__Your instructions__:
Each line of the records is to be returned verbatim, with the images omitted.

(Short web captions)

%%

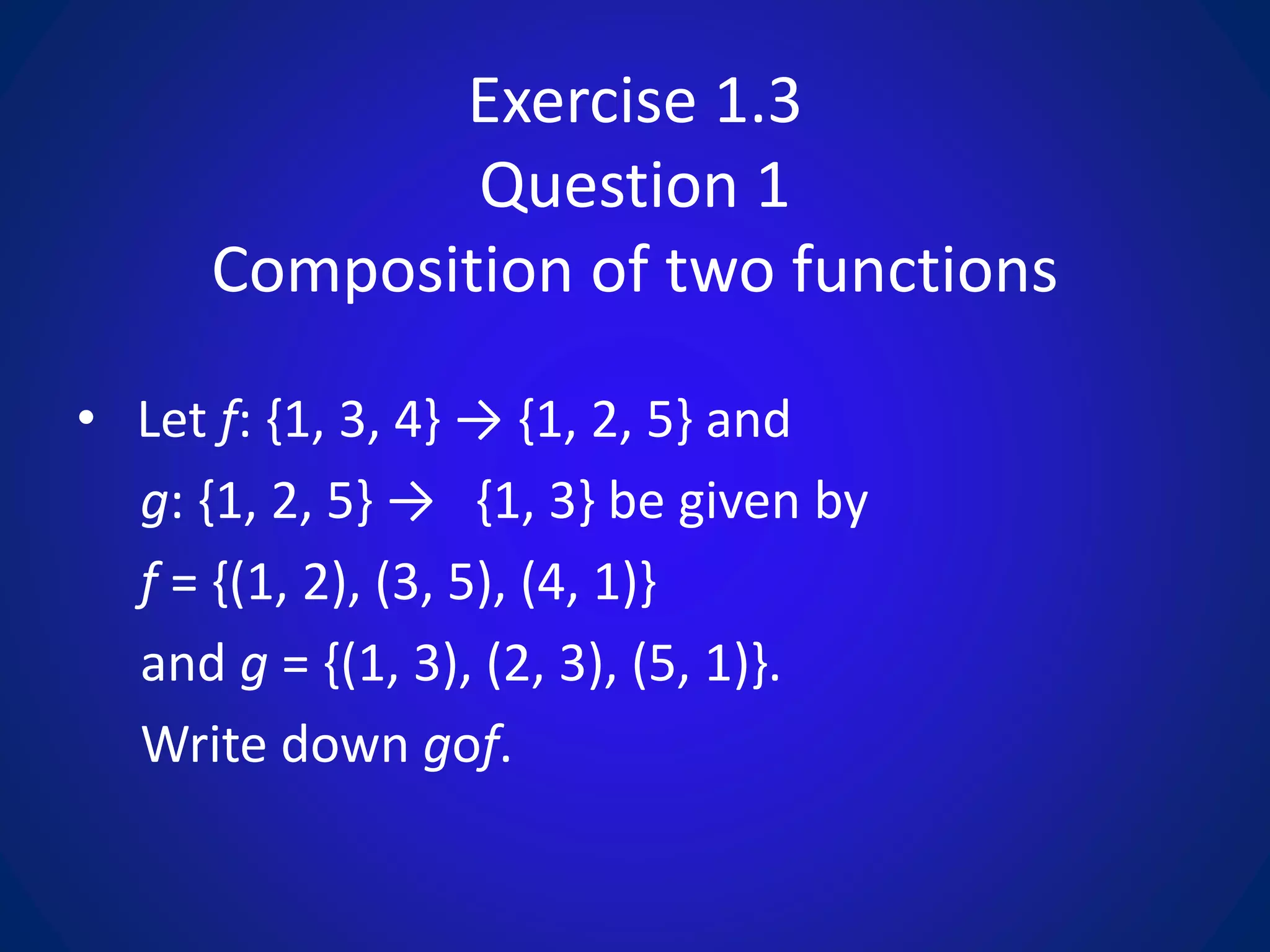 Exercise 1.3
Question 1
Composition of two functions
• Let f: {1, 3, 4} → {1, 2, 5} and
g: {1, 2, 5} → {1, 3} be given by
f = {(1, 2), (3, 5), (4, 1)}
and g = {(1, 3), (2, 3), (5, 1)}.
Write down gof.
 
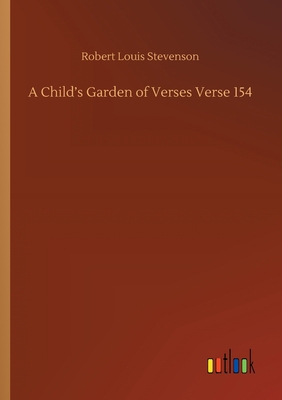 A Child's Garden of Verses Verse 154 3752423447 Book Cover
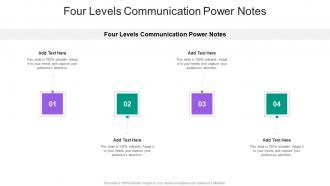 Four Levels Communication Power Notes In Powerpoint And Google Slides Cpb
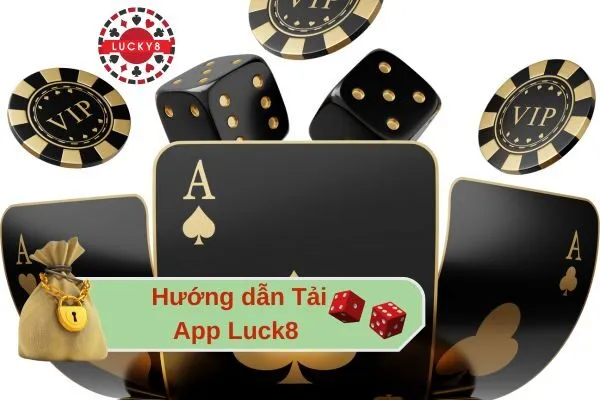 Hướng dẫn Tải App Luck8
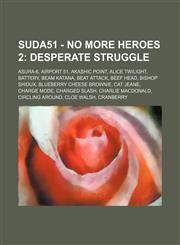 Suda51 - No More Heroes 2 Desperate Struggle: ASURA-6, Airport 51, Akashic Point, Alice Twilight, Battery, Beam katana, Beat Attack, Beef Head, Bishop Shidux, Blueberry Cheese Brownie, Cat Jeane, Charge Mode, Charged Slash, Charlie Macdonald,1234682184,9781234682187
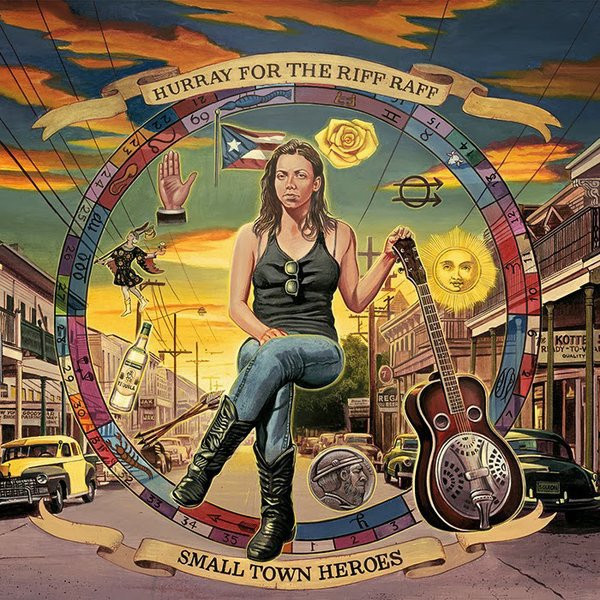 Hurray For The Riff Raff - Small Town Heroes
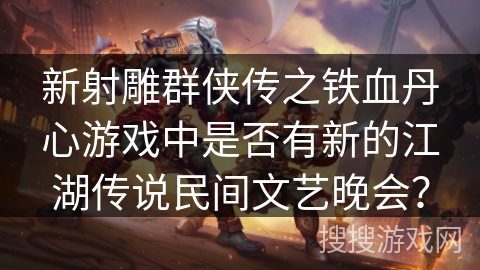 新射雕群侠传之铁血丹心游戏中是否有新的江湖传说民间文艺晚会？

%%

__Expected answer__:
 Exercise 1.3
Question 1
Composition of two functions
• Let f: {1, 3, 4} → {1, 2, 5} and
g: {1, 2, 5} → {1, 3} be given by
f = {(1, 2), (3, 5), (4, 1)}
and g = {(1, 3), (2, 3), (5, 1)}.
Write down gof.
 
 A Child's Garden of Verses Verse 154 3752423447 Book Cover
 Four Levels Communication Power Notes In Powerpoint And Google Slides Cpb
 Hướng dẫn Tải App Luck8
 Suda51 - No More Heroes 2 Desperate Struggle: ASURA-6, Airport 51, Akashic Point, Alice Twilight, Battery, Beam katana, Beat Attack, Beef Head, Bishop Shidux, Blueberry Cheese Brownie, Cat Jeane, Charge Mode, Charged Slash, Charlie Macdonald,1234682184,9781234682187
 Hurray For The Riff Raff - Small Town Heroes
 新射雕群侠传之铁血丹心游戏中是否有新的江湖传说民间文艺晚会？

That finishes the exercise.